Debbie Layfield, 57, of Caughton, Wirral, was diagnosed with breast cancer after a casual phone call with a family member.
Debbie Layfield, 57, of Caughton, Wirral, was diagnosed with breast cancer after a casual phone call with a family member.

Debbie said: “I feel passionate about the work of Cancer Research UK who have lost so many loved ones to the disease. But I can see the advances made in research, and even if each person donates a pound to someone who participates in Race for Life, we are one step closer to more people surviving.

“I hope my story helps connect with people in the moments before they set off on the Race for Life race.

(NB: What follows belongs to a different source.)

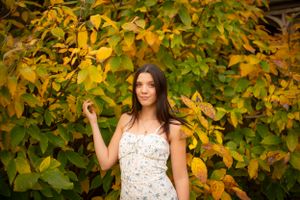 Summer portrait in white dress against backdrop of yellow and green leaves.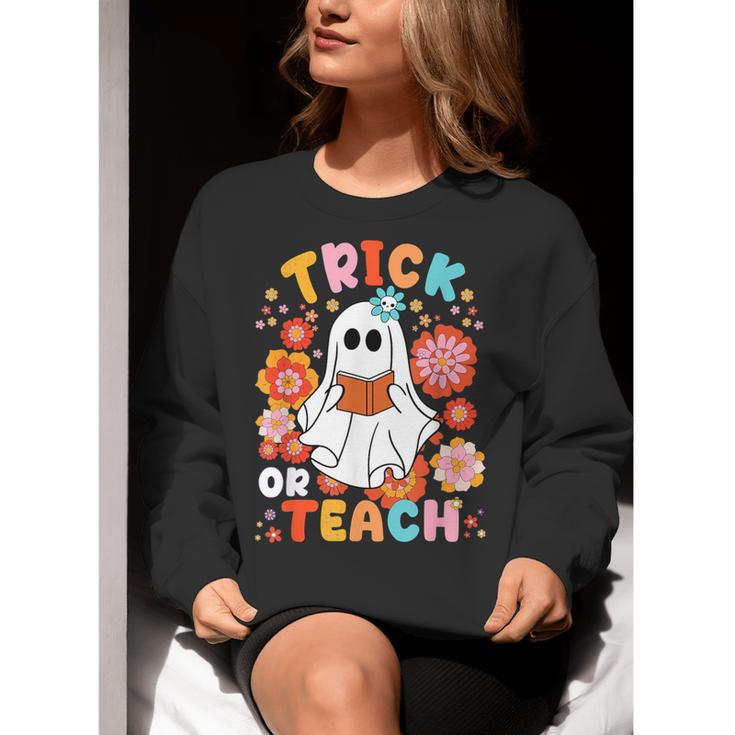 Groovy Halloween Trick Or Teach Retro Floral Ghost Teacher For Men Women Kids Women Crewneck Sweatshirt, Groovy Teacher Sweatshirts, funny gift Groovy Halloween Trick Or Teach Retro Floral Ghost Teacher For Men Women Kids Women Crewneck Sweatshirt, Groovy Teacher Sweatshirts, funny gift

It is a privilege to have the chance, through audio recording at Race for Life events, to thank the amazing people who are raising funds to support life-saving research.”

Debbie’s powerful story is one of six audio recordings of cancer survivors that will be played at Race for Life events across the UK this year. Every year around 44,900 people are diagnosed with cancer in the North West and one in two people in the UK born after 1960 will have cancer in their lifetime.

Cancer Research UK’s Race for Life, in partnership with Tesco, is an inspiring series of 3k, 5k, 10k, Pretty Muddy and Pretty Muddy Kids events that raise millions of pounds every year to help fight cancer by funding research. crucial. Events will follow current government guidelines for protection against COVID-19 and hand sanitizer will be provided.

Jane Bullock, spokesperson for Cancer Research UK North West, said: “We are incredibly grateful to Debbie for her support and we know her story will make an impact on attendees when played on stage at the start of Race for Life.

“Unfortunately, cancer affects all of us in some way. Whether people are living with cancer, participating in honor or memory of a loved one with cancer, or signing up to protect their own children’s future, everyone has a reason to run for life. So we are asking people across the region, “Who are you going to run to?”

“Our Race for Life events are open to everyone. For some people, the Race for Life is literally a walk in the park. Slow and steady still wins. For others, it’s a race. Others may choose to push themselves harder, taking the 10km distance challenge and even aiming for a new personal best time.

“We look forward to welcoming people of all ages and abilities. Race for Life will be fun, exciting, colourful, exciting and an unforgettable event this year.”